### SUPPLIED MATERIAL
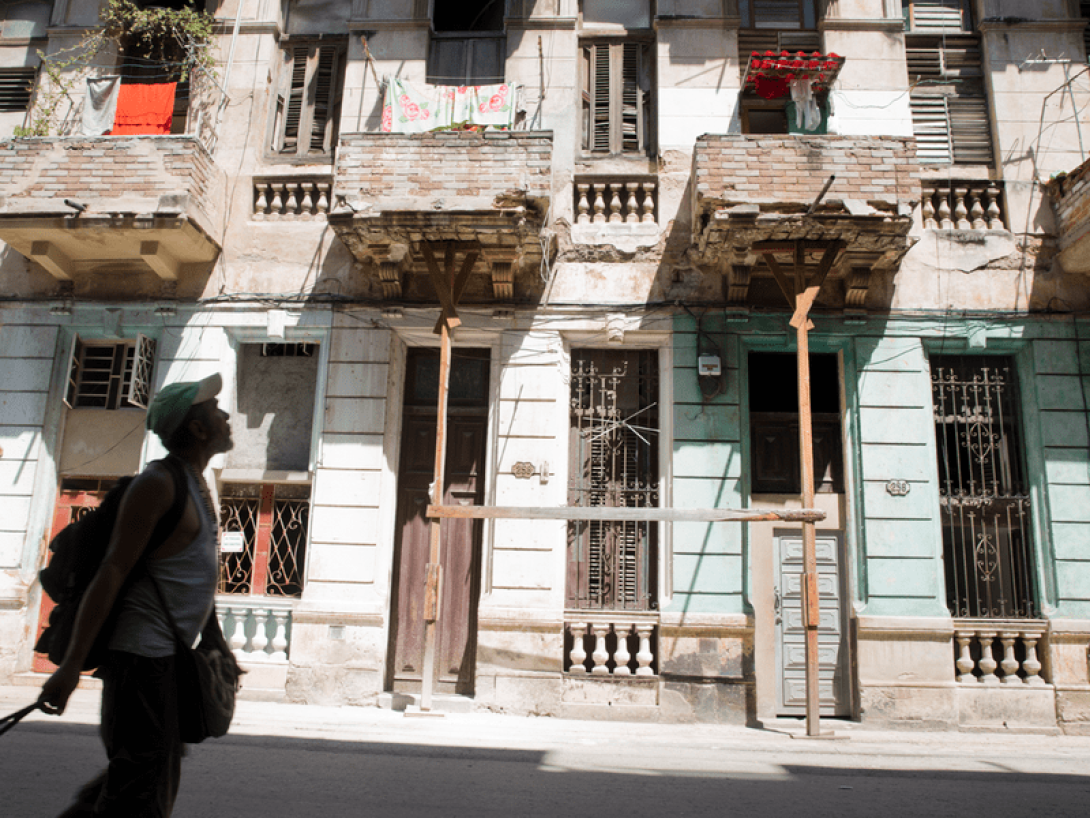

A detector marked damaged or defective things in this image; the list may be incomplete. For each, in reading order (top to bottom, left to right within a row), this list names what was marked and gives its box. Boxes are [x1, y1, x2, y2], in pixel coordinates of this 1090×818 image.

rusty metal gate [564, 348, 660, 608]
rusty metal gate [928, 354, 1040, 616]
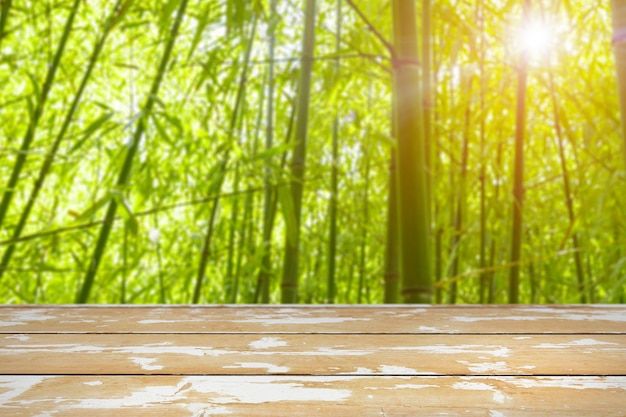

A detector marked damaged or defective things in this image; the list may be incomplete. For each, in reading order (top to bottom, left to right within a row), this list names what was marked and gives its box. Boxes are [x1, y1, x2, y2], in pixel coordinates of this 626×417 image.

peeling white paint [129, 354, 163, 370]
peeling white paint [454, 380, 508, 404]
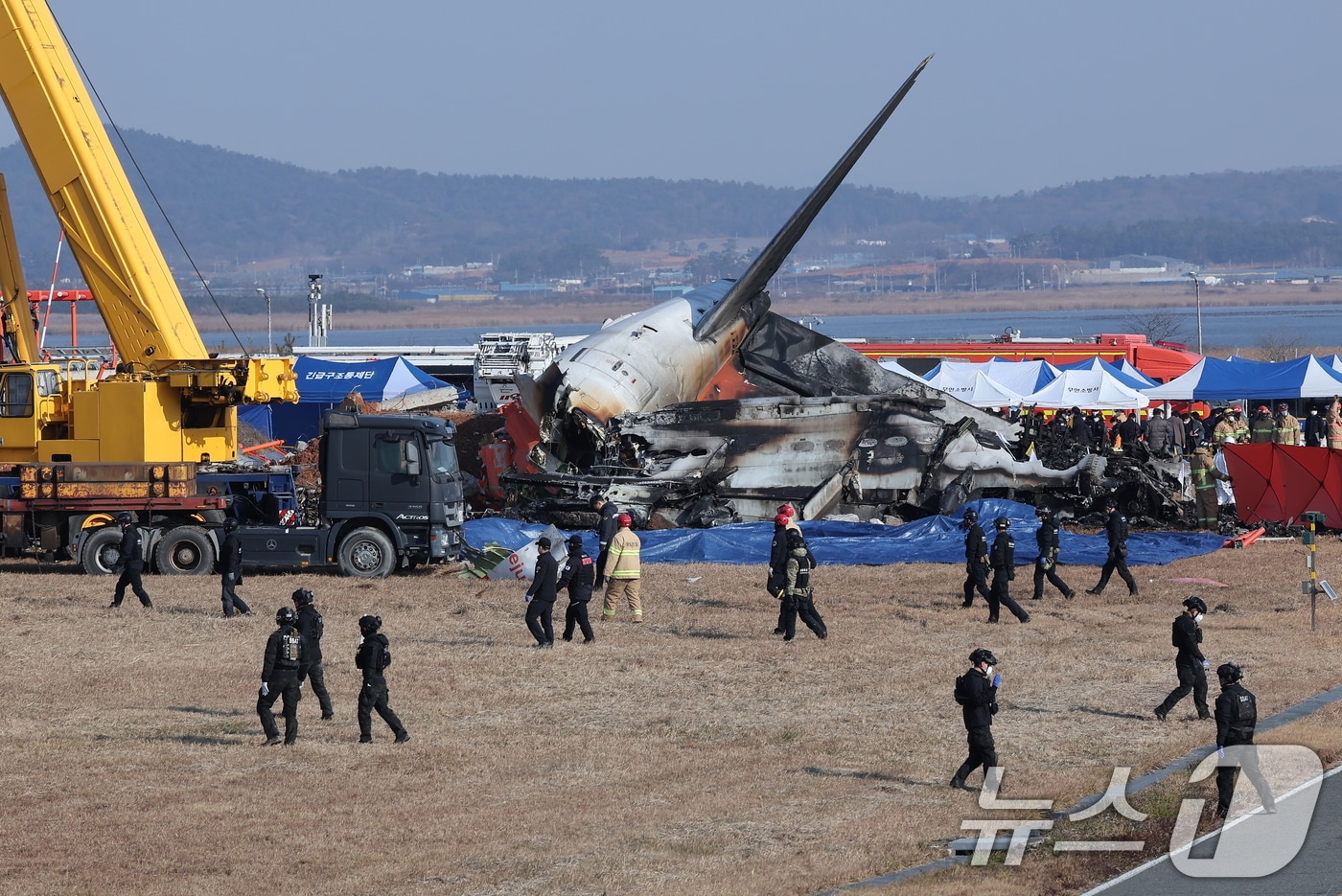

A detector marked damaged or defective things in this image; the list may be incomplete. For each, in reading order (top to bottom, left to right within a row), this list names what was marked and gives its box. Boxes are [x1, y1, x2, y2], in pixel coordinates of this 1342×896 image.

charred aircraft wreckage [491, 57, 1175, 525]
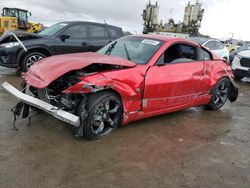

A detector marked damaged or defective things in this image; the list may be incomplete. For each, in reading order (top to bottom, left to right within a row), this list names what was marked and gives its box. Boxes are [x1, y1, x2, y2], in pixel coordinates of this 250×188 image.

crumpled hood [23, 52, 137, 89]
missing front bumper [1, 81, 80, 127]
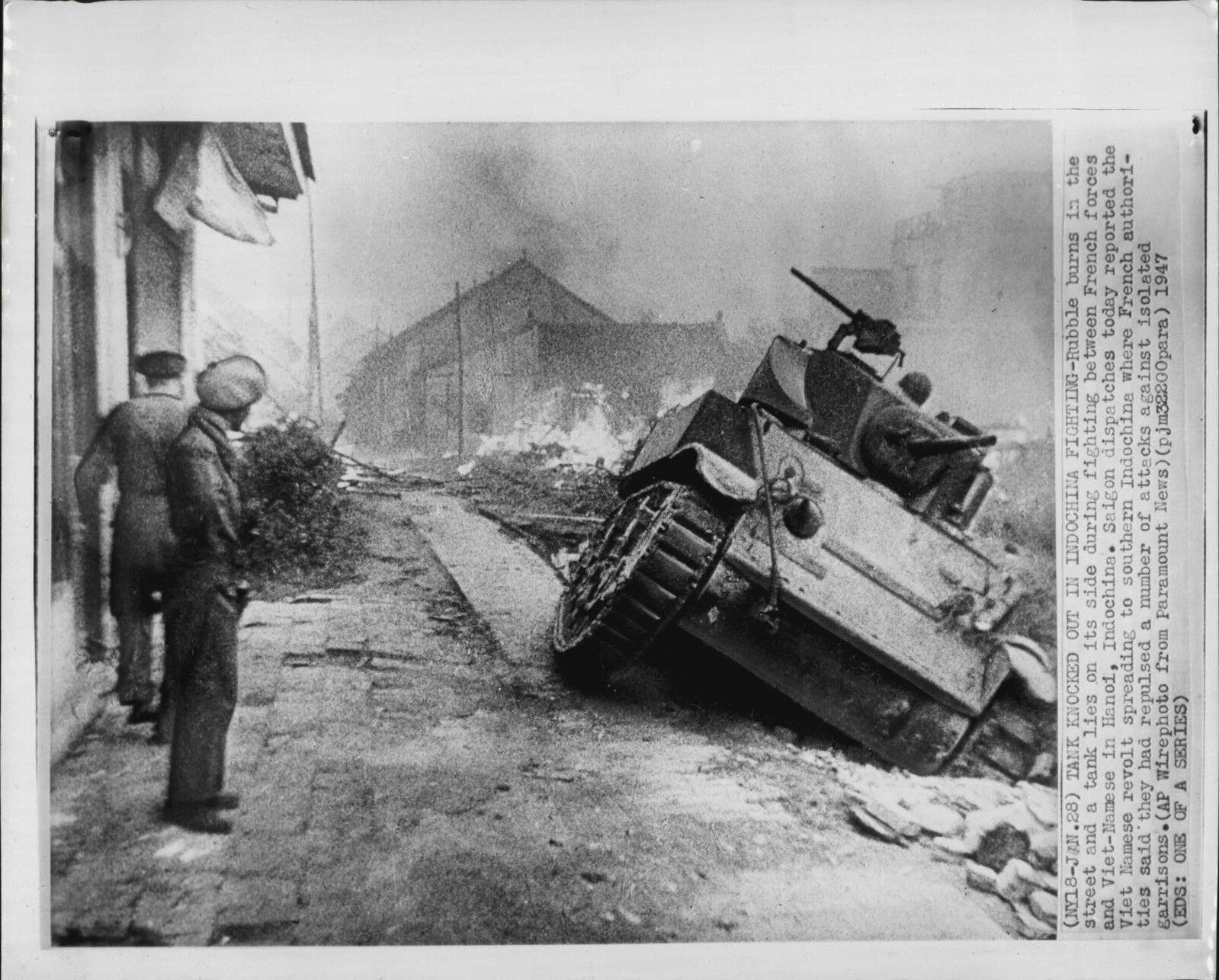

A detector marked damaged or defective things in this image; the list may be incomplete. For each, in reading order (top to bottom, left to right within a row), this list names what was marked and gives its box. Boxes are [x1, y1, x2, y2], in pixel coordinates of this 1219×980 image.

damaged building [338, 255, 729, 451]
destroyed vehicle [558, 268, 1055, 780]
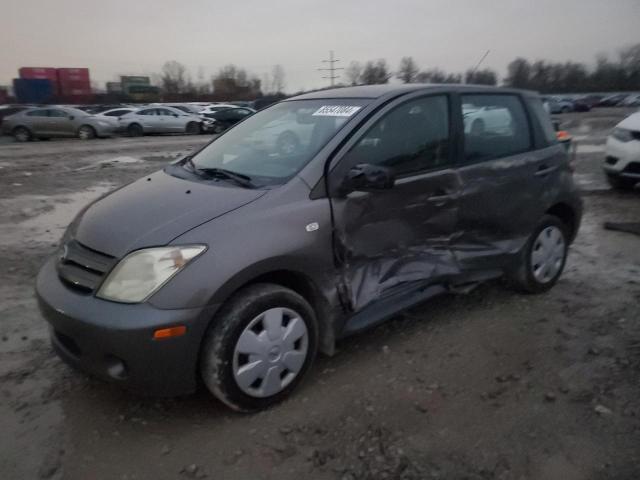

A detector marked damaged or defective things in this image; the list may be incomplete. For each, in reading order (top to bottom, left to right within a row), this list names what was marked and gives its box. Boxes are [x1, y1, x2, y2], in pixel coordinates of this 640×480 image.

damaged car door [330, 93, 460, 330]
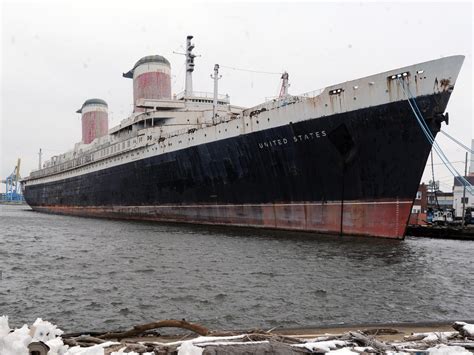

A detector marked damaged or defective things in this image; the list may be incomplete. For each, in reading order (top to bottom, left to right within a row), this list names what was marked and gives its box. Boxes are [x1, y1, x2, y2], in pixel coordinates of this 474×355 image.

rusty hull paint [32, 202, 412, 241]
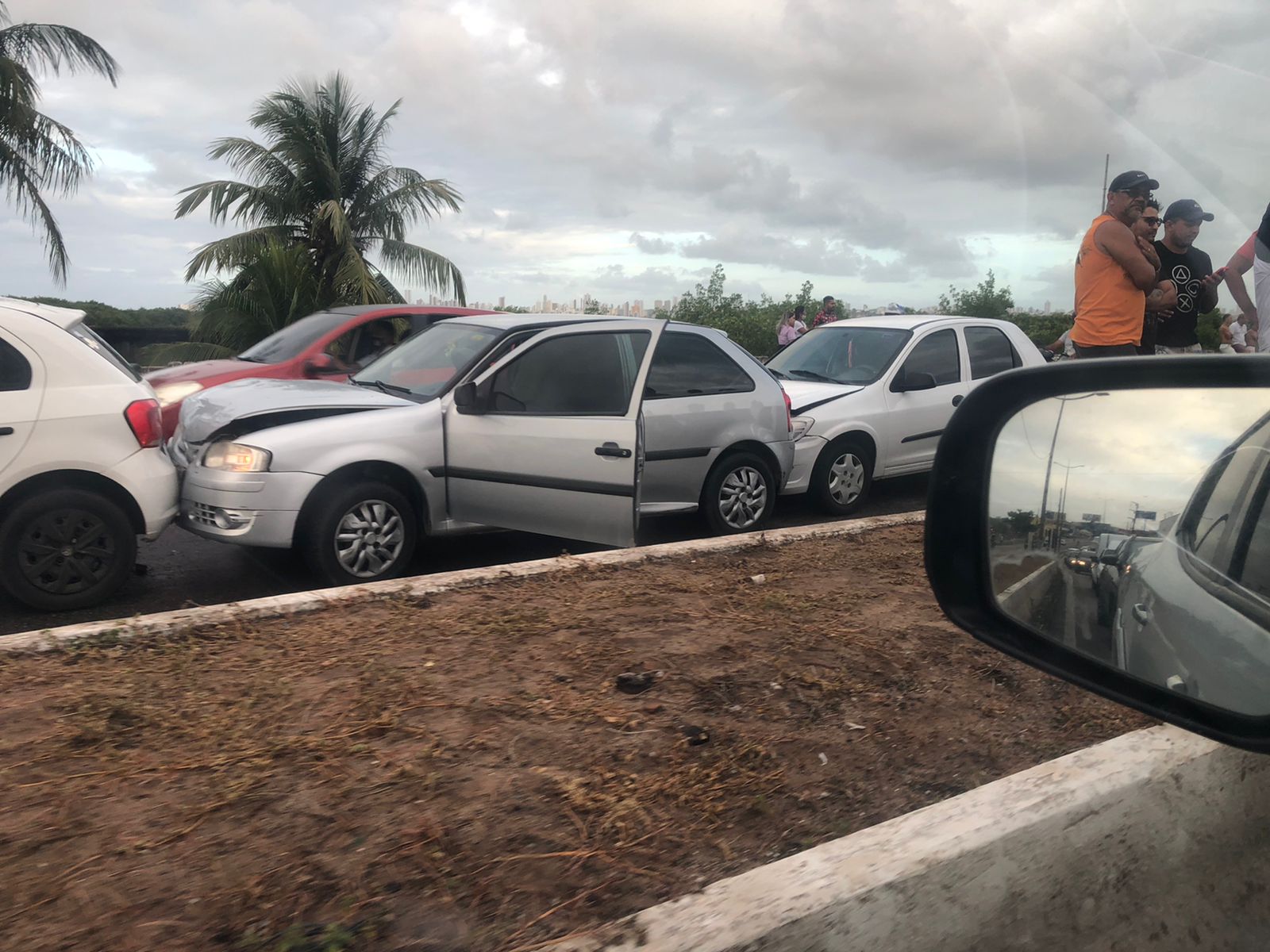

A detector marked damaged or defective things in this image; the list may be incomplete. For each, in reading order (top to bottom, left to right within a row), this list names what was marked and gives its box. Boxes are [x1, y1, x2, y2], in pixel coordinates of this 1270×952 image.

### WHAT THE TASK REQUIRES
Starting with the line that contains "this 474×355 image.", repeat each line exactly through the last line of the data above, and nothing more; the pictures stay out.

### ANSWER AREA
A detector marked damaged or defective things in this image; the list may be incomplete. For each, in reading order (top to bottom, left to right within a row), this list names what was marked and gives its box. Boxes are [x1, y1, x2, y2], in pixel coordinates of this 474×355 image.

rusty hull paint [32, 202, 412, 241]

A detector marked damaged or defective things in this image; the list may be incomplete. For each, in reading order (top to bottom, left to right within a row), this list names what was marked and gives its box. Boxes are [x1, y1, x2, y2], in pixel coordinates of this 1270×952 image.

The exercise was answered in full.